Problem to work on »
Please output exactly the lines below, starting at the line that has "Fries paard Mix" and ending at the line that has "olivo arbol 1M", both included; leave out all pictures and include nothing else.

Supplied data »
☆ ☆ ☆ ☆ ☆ ☆ ☆

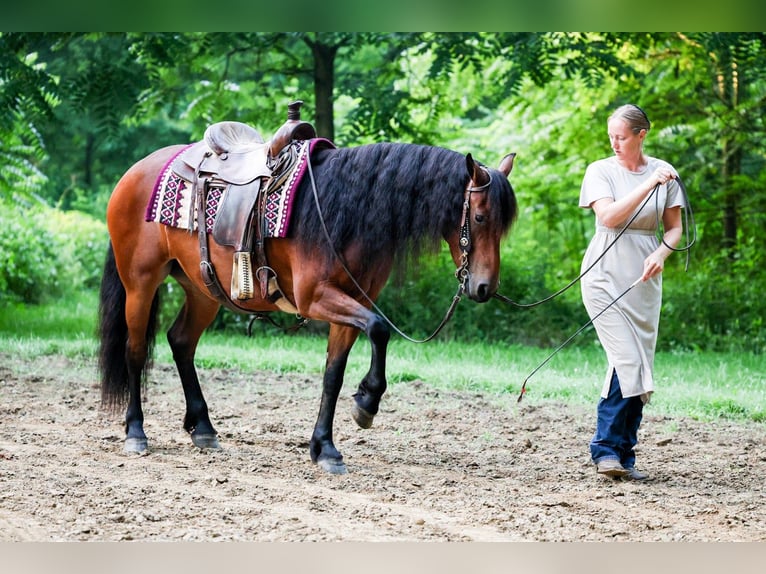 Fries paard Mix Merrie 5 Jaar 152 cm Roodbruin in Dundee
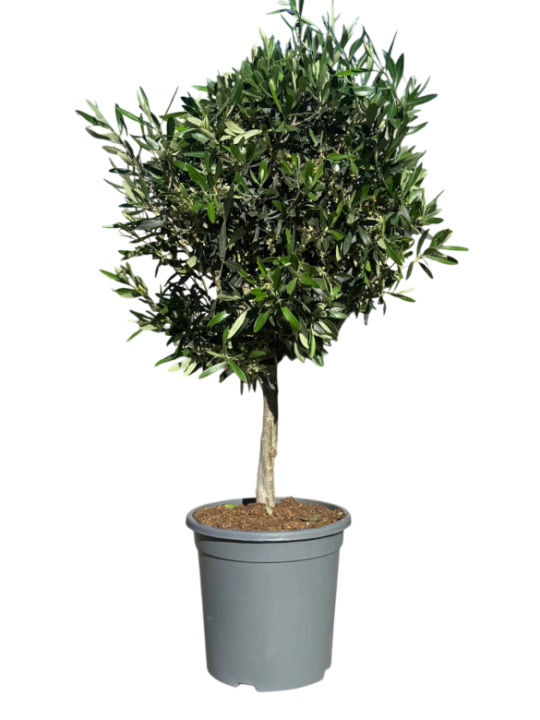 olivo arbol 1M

☆ ☆ ☆ ☆ ☆ ☆ ☆

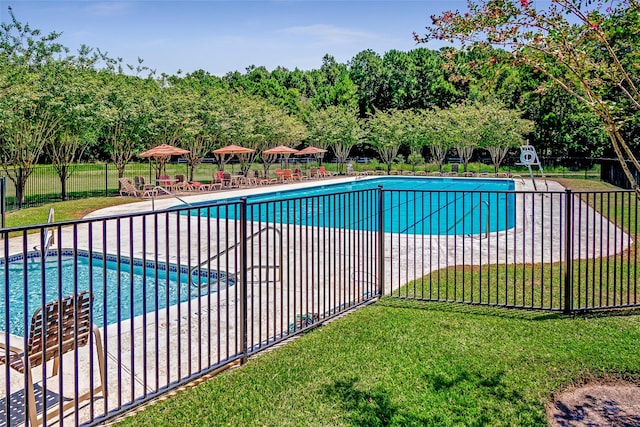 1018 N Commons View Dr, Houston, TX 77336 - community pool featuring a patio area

☆ ☆ ☆ ☆ ☆ ☆ ☆

Task answer »
 Fries paard Mix Merrie 5 Jaar 152 cm Roodbruin in Dundee
 olivo arbol 1M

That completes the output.